### Instructions to follow
Everything in the records below goes into the copy exactly, except the pictures.

### Data to examine
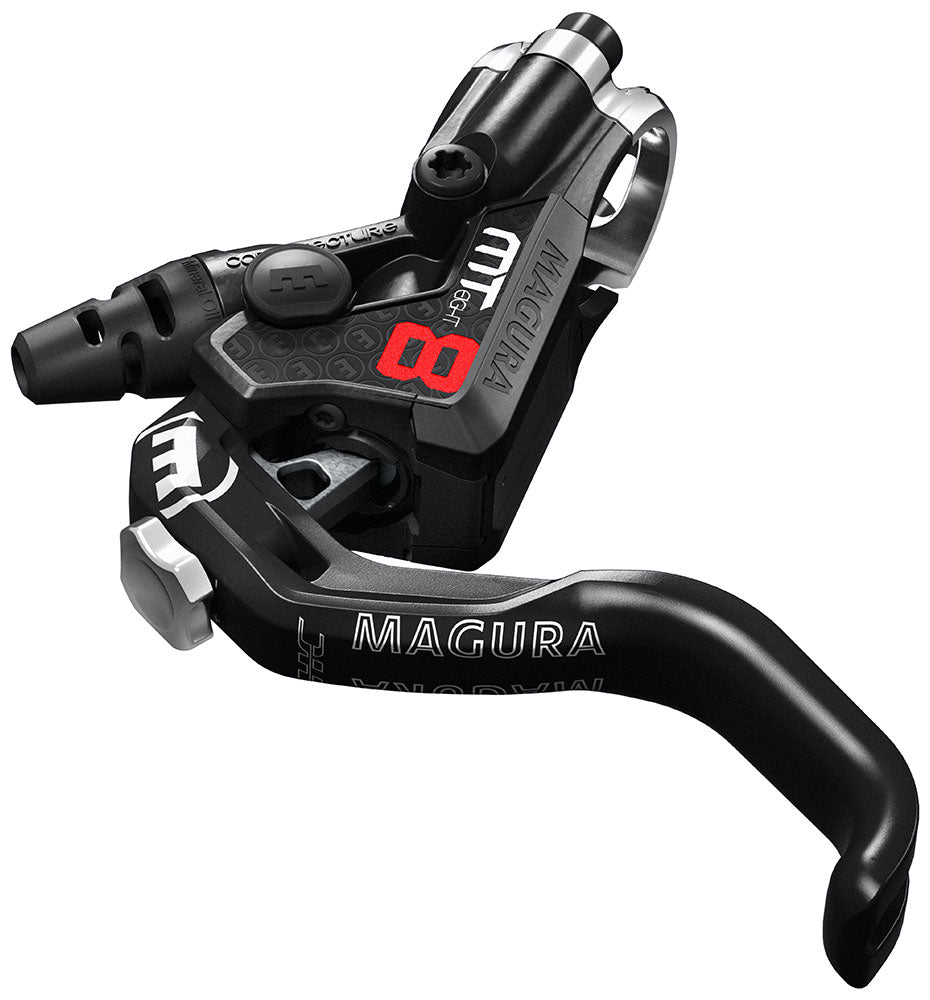 Magura mt8 pro hc disc brake set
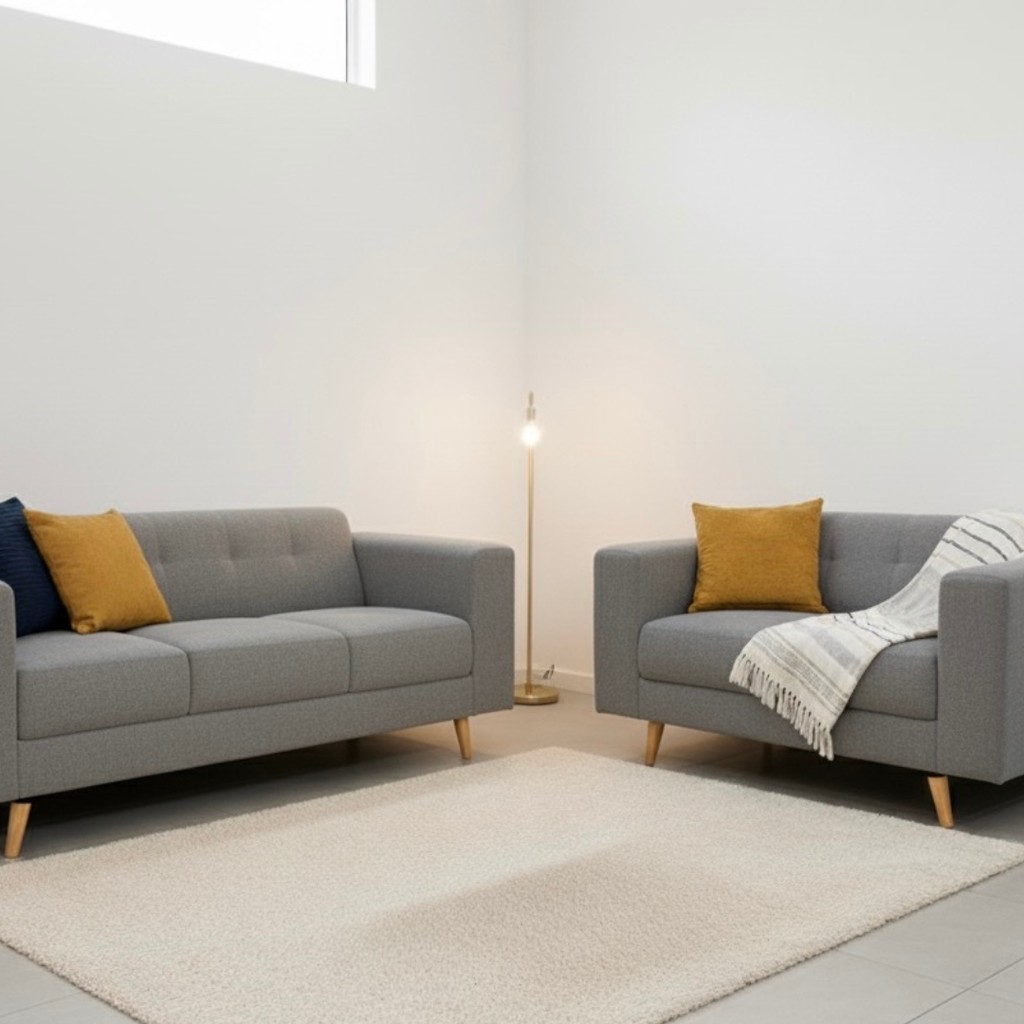 Sala monaco 2 (2 plazas: 1,40m x 75cm)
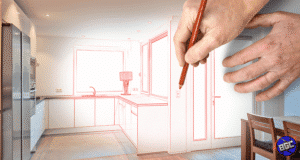 Renovate Office DIY Plans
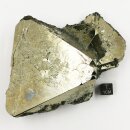 Pyrit Kristall Stufe aus Peru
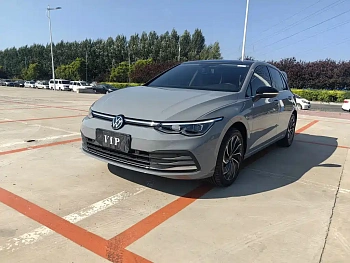 Golf 2021 280TSI DSG Pro купить по цене 1 984 321 ₽  на сайте DeffCars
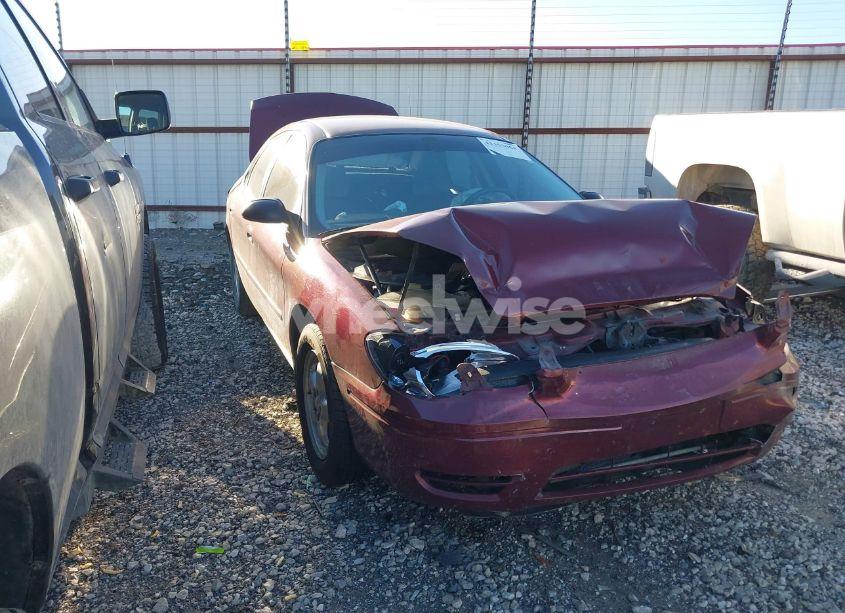 2006 Ford Taurus SE (VIN 1FAFP53U66A103773) main photo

### Task output
 Magura mt8 pro hc disc brake set
 Sala monaco 2 (2 plazas: 1,40m x 75cm)
 Renovate Office DIY Plans
 Pyrit Kristall Stufe aus Peru
 Golf 2021 280TSI DSG Pro купить по цене 1 984 321 ₽  на сайте DeffCars
 2006 Ford Taurus SE (VIN 1FAFP53U66A103773) main photo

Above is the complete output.